« L'essentiel dans cette manière d'arriver est d'agréer maints soufflets et de savoir avaler une quantité de couleuvres : M. de Talleyrand faisait grand usage de ce régime des ambitions de seconde espèce. »
Chateaubriand - Mémoires d'outre-tombe
Une des multiples origines de l’expression “avaler des couleuvres” est de nature gastronomique. C’était l’heureuse époque où les demoiselles anguilles pullulaient dans les rivières de France et où leurs abris ne se composaient pas encore de bidons et de bouteilles crasseuses, réceptacles mortifères de saloperies diverses et variées…

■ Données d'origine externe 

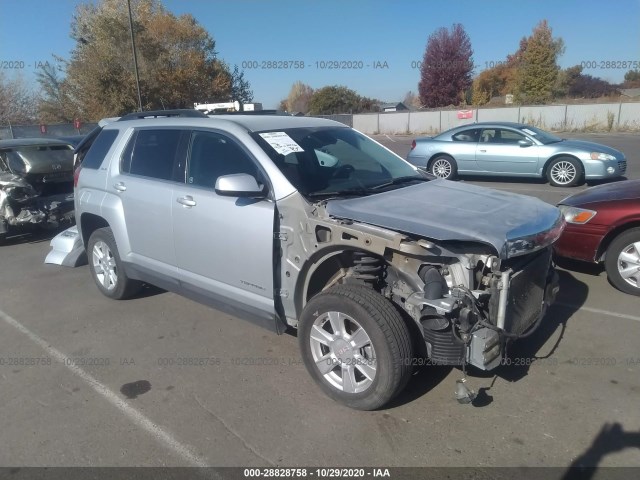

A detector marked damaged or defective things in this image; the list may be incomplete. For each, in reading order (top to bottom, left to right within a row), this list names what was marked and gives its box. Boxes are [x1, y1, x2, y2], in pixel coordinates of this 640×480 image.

damaged silver suv [0, 139, 75, 244]
crumpled front end [0, 174, 75, 238]
partially visible wrecked car [0, 139, 76, 244]
damaged silver suv [75, 110, 564, 410] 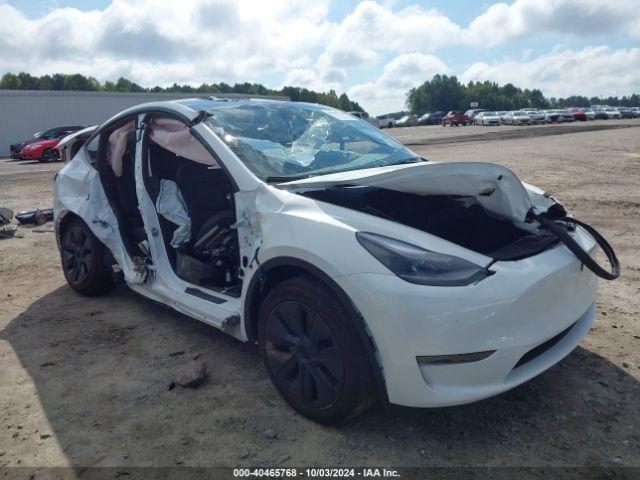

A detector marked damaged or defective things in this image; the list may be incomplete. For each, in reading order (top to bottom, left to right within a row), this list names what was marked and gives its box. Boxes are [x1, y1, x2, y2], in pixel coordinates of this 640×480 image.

shattered windshield [201, 101, 420, 182]
exposed car interior [139, 116, 241, 296]
crumpled hood [282, 162, 556, 228] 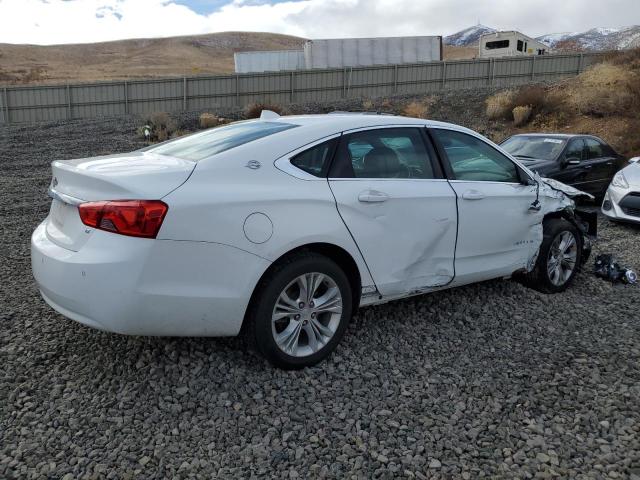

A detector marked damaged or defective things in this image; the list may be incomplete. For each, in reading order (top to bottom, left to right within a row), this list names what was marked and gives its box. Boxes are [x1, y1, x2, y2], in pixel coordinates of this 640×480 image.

Donc loin d’être un plat prestigieux, l’anguille était, à l’époque, ce que le hamburger est aujourd’hui pour l’adolescent boutonneux ou les tomates “bio de circuit court” pour le bobo soucieux d’éthique. Quelques antiques farceurs eurent alors l’idée, pure facétie de potache, de mêler à la matelote persillée quelques tronçons de couleuvres, afin de mieux profiter du spectacle des crédules gobeurs de n’importe quoi… Il arrivait que l’ infortuné convive fasse preuve de clairvoyance, mais il ne pipait mot, la peur du scandale étant bien plus forte que le plat saumâtre servi à un nigaud…
Certains chercheurs de peccadilles proposent plutôt une interprétation trompeuse entre le terme couleuvre et couleur, pourquoi pas? Donner des couleurs à gober, c’est un peu plus gai. Il est vrai qu’une bonne couche de peinture peut vous faire passer une antique pétoire pour le summum de la technique automobile, un peu de fard sur une grimace rend toute suite les choses plus supportables.

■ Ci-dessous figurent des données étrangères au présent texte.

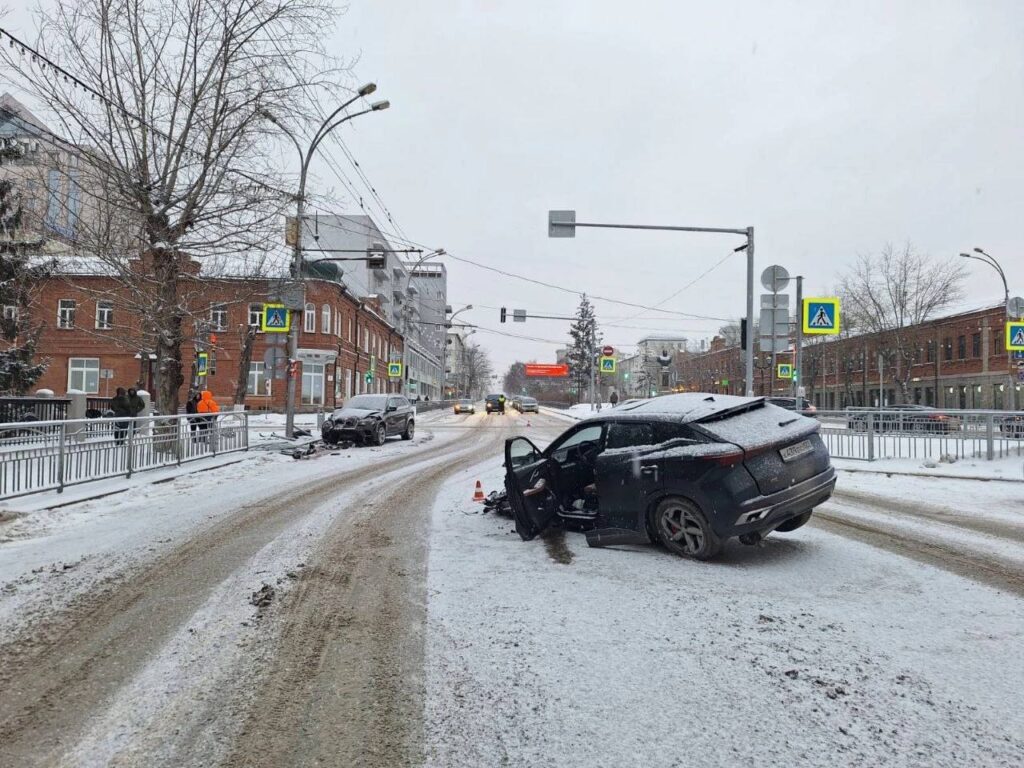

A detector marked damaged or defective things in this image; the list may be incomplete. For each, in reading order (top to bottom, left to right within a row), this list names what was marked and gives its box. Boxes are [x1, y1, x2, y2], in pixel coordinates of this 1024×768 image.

damaged suv [499, 397, 835, 561] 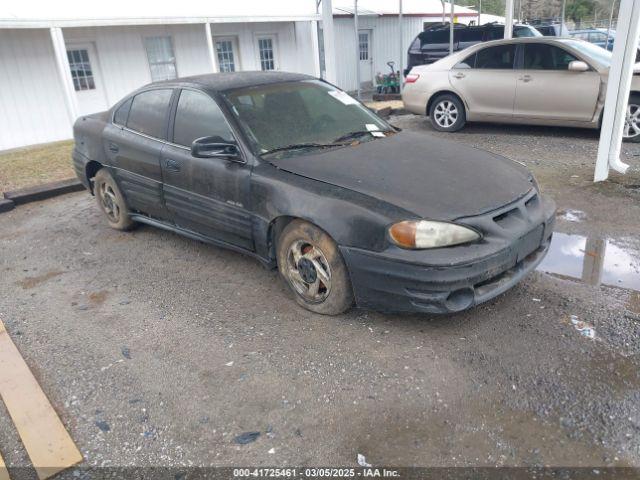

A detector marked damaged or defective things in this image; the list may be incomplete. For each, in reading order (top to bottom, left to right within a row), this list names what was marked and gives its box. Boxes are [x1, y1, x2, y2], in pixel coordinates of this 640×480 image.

damaged bumper [340, 191, 556, 316] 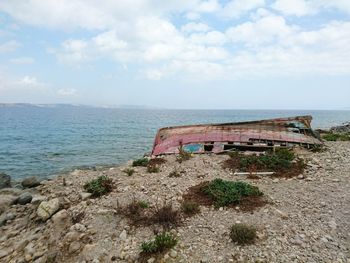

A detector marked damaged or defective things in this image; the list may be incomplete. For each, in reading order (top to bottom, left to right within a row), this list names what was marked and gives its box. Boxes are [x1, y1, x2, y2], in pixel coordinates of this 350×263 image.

rusty metal hull [150, 116, 322, 156] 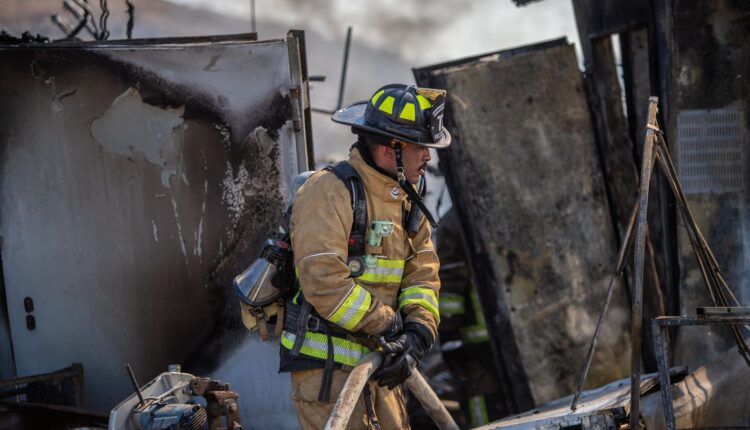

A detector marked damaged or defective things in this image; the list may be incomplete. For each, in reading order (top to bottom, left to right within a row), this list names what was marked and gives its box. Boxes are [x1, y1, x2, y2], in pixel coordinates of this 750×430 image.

charred metal panel [0, 33, 310, 416]
charred metal panel [414, 42, 632, 408]
charred metal panel [660, 0, 750, 370] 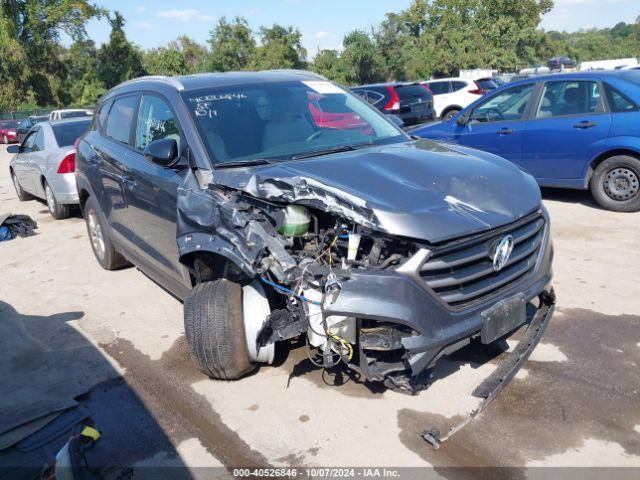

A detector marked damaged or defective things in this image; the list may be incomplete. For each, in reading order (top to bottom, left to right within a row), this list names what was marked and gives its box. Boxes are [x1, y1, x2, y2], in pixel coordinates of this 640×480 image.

damaged gray suv [76, 69, 556, 396]
crumpled hood [214, 139, 540, 244]
missing front bumper [420, 288, 556, 450] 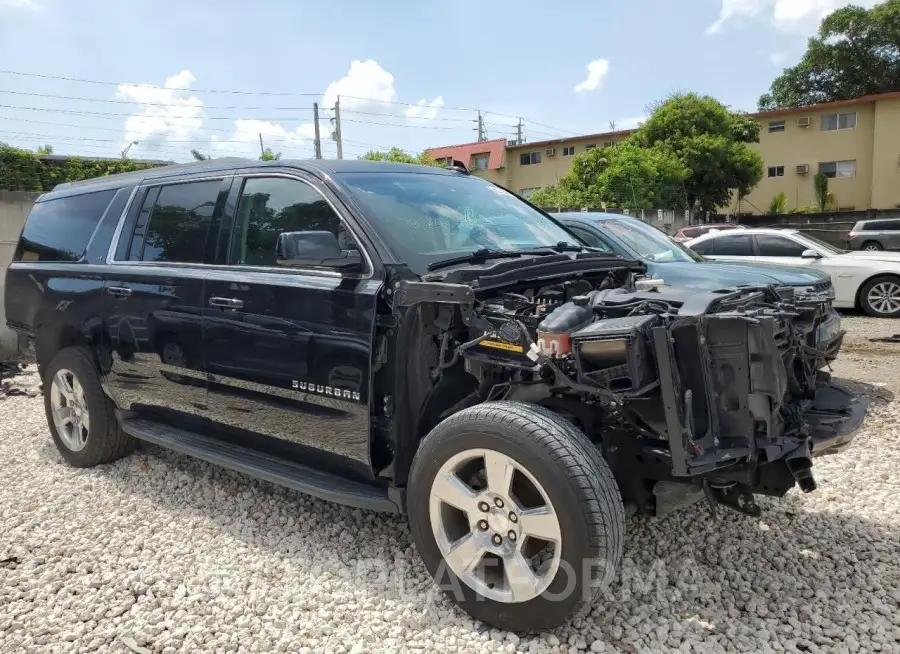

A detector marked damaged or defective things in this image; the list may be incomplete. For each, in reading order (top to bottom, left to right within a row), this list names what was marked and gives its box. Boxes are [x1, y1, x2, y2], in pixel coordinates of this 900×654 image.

crumpled hood [652, 262, 828, 290]
wrecked front end [390, 254, 868, 520]
damaged front bumper area [652, 298, 868, 502] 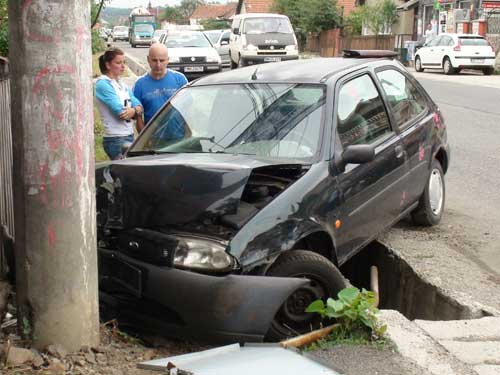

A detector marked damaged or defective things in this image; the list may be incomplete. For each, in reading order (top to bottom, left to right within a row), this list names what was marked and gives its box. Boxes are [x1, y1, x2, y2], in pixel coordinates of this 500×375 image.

cracked windshield [130, 84, 324, 159]
broken car hood [96, 153, 300, 229]
crashed black car [95, 51, 452, 346]
damaged front bumper [98, 248, 308, 346] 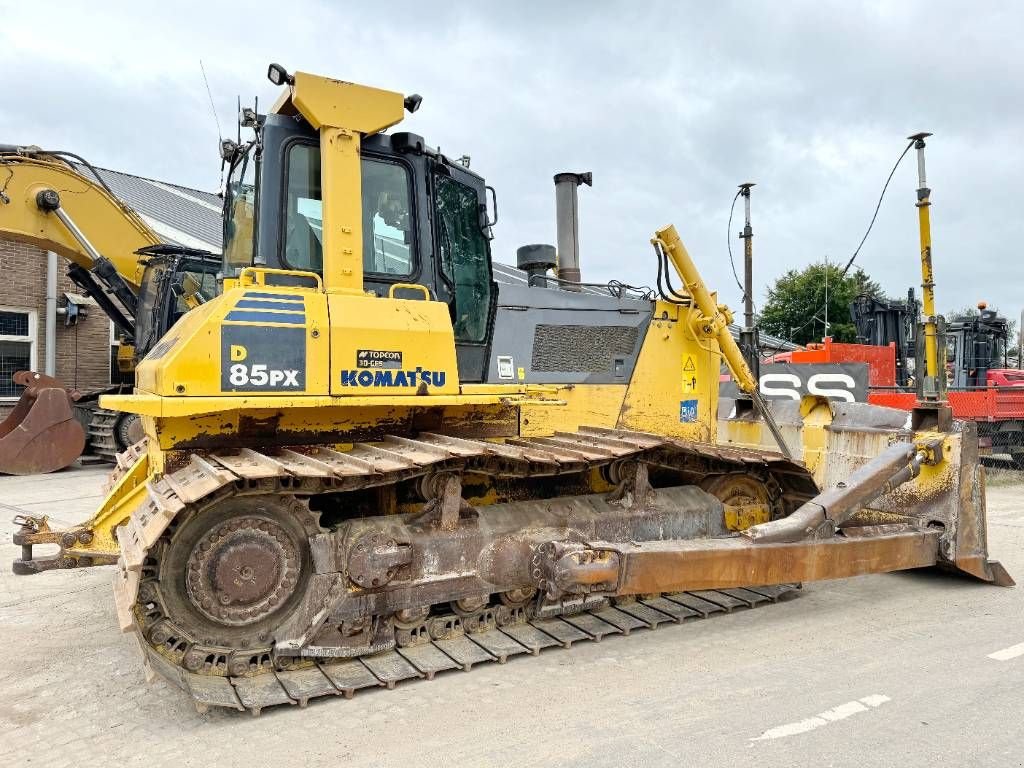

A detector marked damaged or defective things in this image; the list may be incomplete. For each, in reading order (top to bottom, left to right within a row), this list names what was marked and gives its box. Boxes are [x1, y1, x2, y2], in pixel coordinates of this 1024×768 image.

rusty blade surface [598, 528, 942, 593]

Le serpent de l’Eden qui provoqua un joyeux patacaisse dans les vergers célestes en bradant à vil prix la Royale Gala à cette niaise d’Eve était-il couleuvre? En l’absence de squelette, la confusion est permise.
Arsène Muselier, héros de Marcel Aymé, digne fils de la terre, cul-terreux matois ne fit pas, lui, l’erreur d’avaler les couleuvres de la Vouivre, femme? femme-serpent? serpent-femme? Arsène est raisonnable et n'osera pas ruser afin de s’emparer du fabuleux bijou de la Vouivre, il préférera combattre les serpents que les avaler ce qui est moins indigeste.
Mais que les petits malins ne s’amusent pas trop de la crédulité des naïfs. Les candides ont su cultiver cette particularité comme une qualité de cœur. Sous un air bonhomme, ils sont très capables de discerner l’ombre d’un soupçon de malice. Par souci de pudeur ou par délicatesse, ils préfèrent jouer les imbéciles, c’est bien plus reposant.
Tel le dieu Janus, les crédules ont deux visages : l’un d’innocence souriante, gourdiflot béat traversant les marécages des passions humaines ; l’autre de scepticisme amusé mêlé d’un voile de mélancolie, les plus belles choses sentent parfois un peu le moisi…
La conclusion de cette réflexion ‘reptilo-gastronomique” s’adresse aux satisfaits, aux fats, aux outrecuidantes baudruches piétinant les rêves et les sentiments des naïfs.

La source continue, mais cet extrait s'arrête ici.